Understanding Version Control with Diffs

Every project is made up of countless little changes. With a little luck, they will finally form a website, an app, or some other product. Your version control system keeps track of these changes. But only once you understand how to read them will you be able to track your project’s progress.

Using the example of Git, the popular version control system, this article will help you understand these changes.

Key Takeaways

In version control, differences between one version and another are presented in a “diff” or a “patch”. These diffs are the most frequently-used methods of visualizing changes and can be read and understood using various markers and identifiers, such as symbols assigned to each compared item, and chunks that show the portions that have been changed.
Diffs can be used to inspect local changes before committing them, inspect committed changes, and compare different branches or revisions. Commands like “git diff” and “git log” can be used to generate and inspect these changes.
Diffs can be viewed and understood more clearly with dedicated diff tool applications. These tools offer improved visualization and make understanding changes easier. They are essential for every member of a development team to understand how a project has evolved.

Diffs Represent Changes

In version control, the differences between one version and another are presented in what’s called a “diff” (or a “patch”). You’ll encounter diffs when working in technical surroundings like the command line, but also in graphical tools like “Tortoise Git” (Win) or “Tower” (Mac) and in code hosting platforms like “GitHub”. Diffs are the most frequently-used methods of visualizing changes.

Let’s learn to read diffs with an example.

An example diff

Compared Files A/B

Our example diff compares two items with each other: item A and item B. In theory, A and B can be any file. In most cases, however, you’ll be wanting to compare the same file, but in two different versions.

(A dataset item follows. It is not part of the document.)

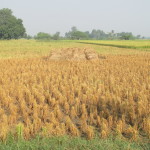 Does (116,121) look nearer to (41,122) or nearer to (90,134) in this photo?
(90,134)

To set the scene, a diff output always begins by declaring which files are represented by “A” and “B”.

File Metadata

Rather technical information, which you’ll rarely need, follows: the file metadata.

The first two strings represent the object hashes (or “IDs”) of our two files. In the background, Git not only saves versions of the project but also of each file item as an object. Hashes like the ones seen here are used to identify a file from a specific version.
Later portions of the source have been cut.